I have noticed that when the enumerate(loader) is called, considerable time is required, as the code snippet below and the time points show :

code snippiet :

  start_time = time.time()
    scaler = torch.cuda.amp.GradScaler()
    for epoch in range(start_epoch, args.epochs):
        print(f"rank {args.rank} set epoch start : {time.time() - start_time}")
        sampler.set_epoch(epoch)
        print(f"rank {args.rank} set epoch end : {time.time()- start_time}")
        for step, ((y1, y2), _) in enumerate(loader, start=epoch * len(loader)):
            print(f"rank {args.rank} step start : {time.time()- start_time}")
            y1 = y1.cuda(gpu, non_blocking=True)
            y2 = y2.cuda(gpu, non_blocking=True)

The time taken was :

rank 0 set epoch start : 4.7206878662109375e-05
rank 0 set epoch end : 8.702278137207031e-05
rank 0 step start : 72.13791012763977
{"epoch": 0, "step": 0, "lr_weights": 0.0, "lr_biases": 0.0, "loss": 13827.8291015625, "time": 82}
rank 0 step start : 82.55937671661377
{"epoch": 0, "step": 1, "lr_weights": 3.765060240963856e-06, "lr_biases": 9.036144578313253e-08, "loss": 12604.126953125, "time": 83}
rank 0 step start : 83.55196452140808

As the timepoints above shows, it takes about 70 seconds for the iterator to be made, while only 1 second for each iteration (i.e. step) to be taken.

This delay in the iterator creating amounts to 30% of the total computation time be wasted while not utilizing the GPU.

My questions are :

  1. Is this normal behavior?
  2. What could be the cause of this?
  3. Is there way to remedy this?

p.s. One potentially pertinent information is that the batch size is 32, with dataloader num_workers = 8.
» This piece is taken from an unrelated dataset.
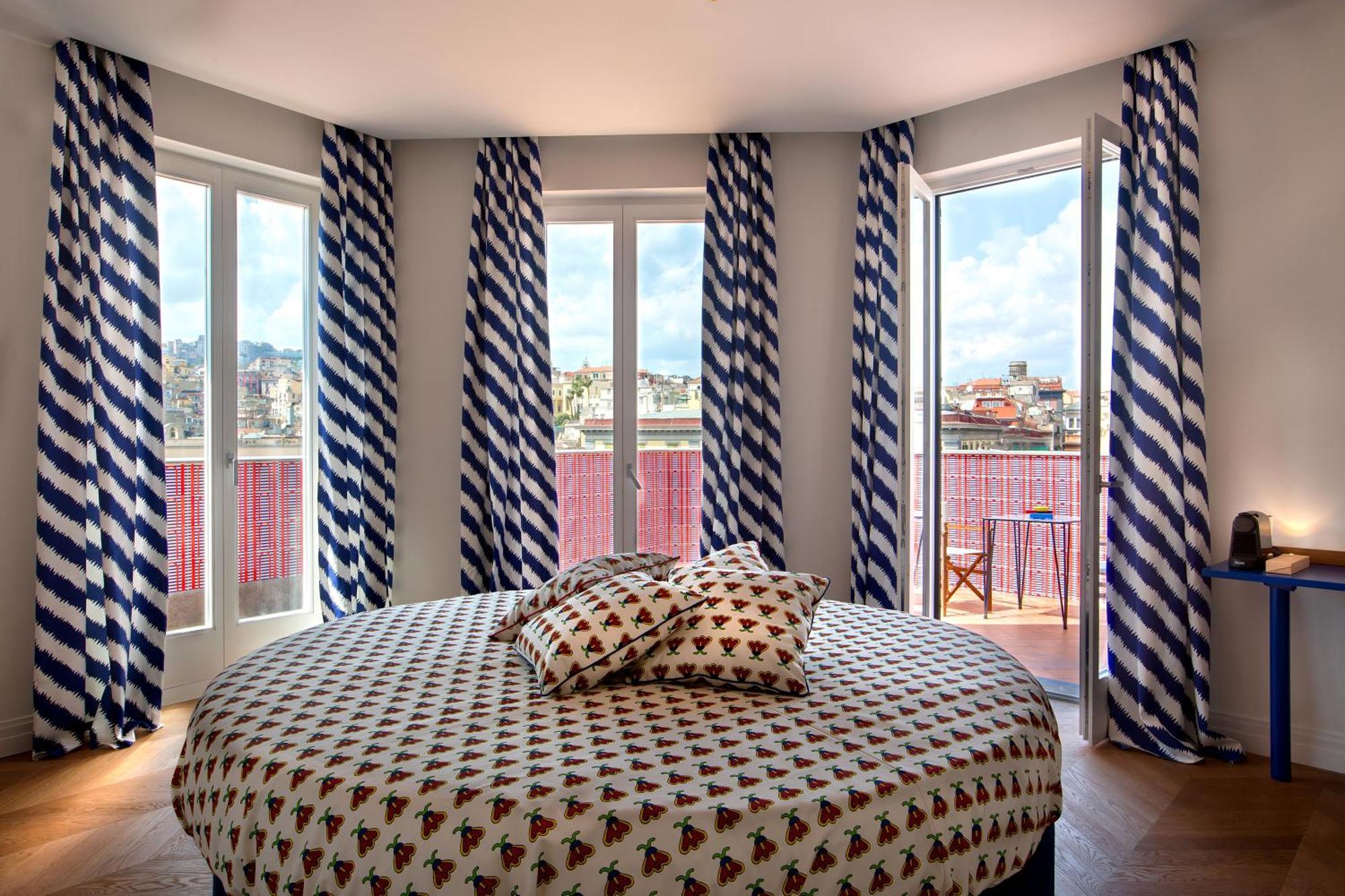 Galleria Port'Alba - Suites & Rooftop 那不勒斯 外观 照片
thank you in advance for any of your insights and replies :slight_smile:

At the beginning of the DataLoader loop, all workers will spawn, initialize the Datasets, and start loading their batches. Depending how expensive the Dataset.__init__ method is, this could already take some time (especially if you are loading and processing data). Afterwards, each worker will load batch_size samples by calling batch_size times into Dataset.__getitem__ and create the batch via the collate_fn.
You should check where the bottleneck in your code is and which part takes the majority of the time.
E.g. data loading from a mounted network drive would most likely be the bottleneck and you should consider copying to the node. Without knowing more about your use case I can only speculate and would recommend to profile the code.
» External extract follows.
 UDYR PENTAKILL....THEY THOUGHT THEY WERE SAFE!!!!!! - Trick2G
Thank you for the reply @ptrblck !

My dataset code loads the whole dataset onto RAM during __init__ then applies transformations in __getitem__ part. Since the __getitem__ part only gets run when the dataloader loop is actually being run (as oppose to creating the dataloader iterator), I believe that the cause of my problem is the __init__ part of the dataset, which only loads and does basic normalization. I’ll try to move the normalization part of the code to the __getitem__ to reduce time. Along with this, are there other ways to solve this?(for ex : is there a way of spawning the workers and doing dataset.__init__ before the actual dataloader iterator is being made to reduce time?)
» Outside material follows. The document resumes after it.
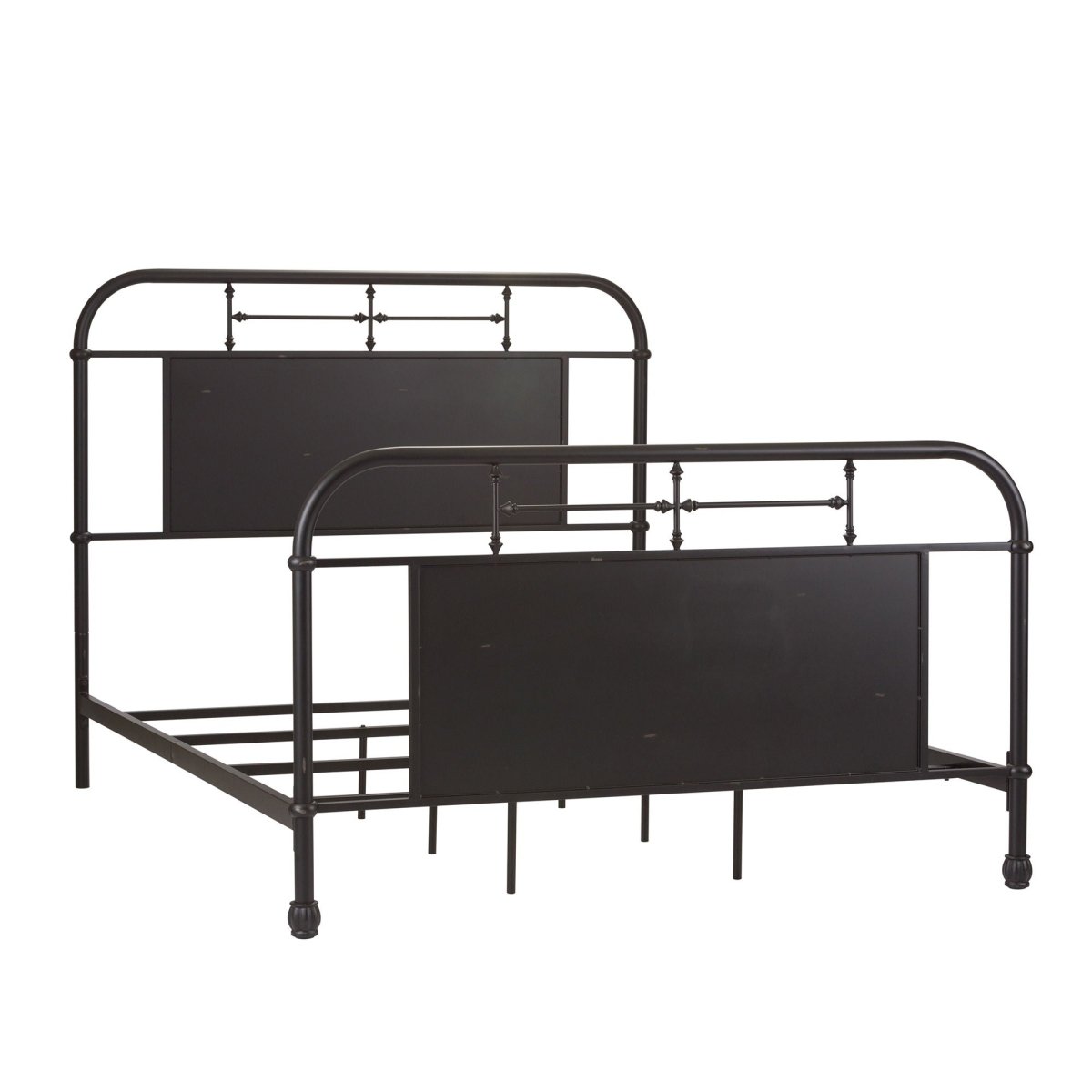 Vintage Series - Metal Bed Panel Beds by Liberty Furniture - Walls Furniture & Mattress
I have also have some questions :

  1. I thought that since the dataset was created before the dataloader iterator is made, there would be no time spent concerning the dataset during the creation of the dataloader iterator. Is there a way to create multiple same datasets in advance (before creating the dataloader iterator, or while the dataloader iteration is being run (i.e. preparing for the next epoch (new dataloader iterator)) so that the time can be reduced?
  2. I thought that when I set workers as (for example) 4, with batch size 32, each worker loads 8 images so that in total 32 images can be made during collate_fn. However, your response seems to imply that each worker makes their own (whole) batch, then supply them to the GPU for training. If so, am I right in thinking that keeping on increasing the num_workers will at some point have no effect on decreeing data loading time since at some point since the speed of batch loading will be higher than the actual computation time of GPU for each batch?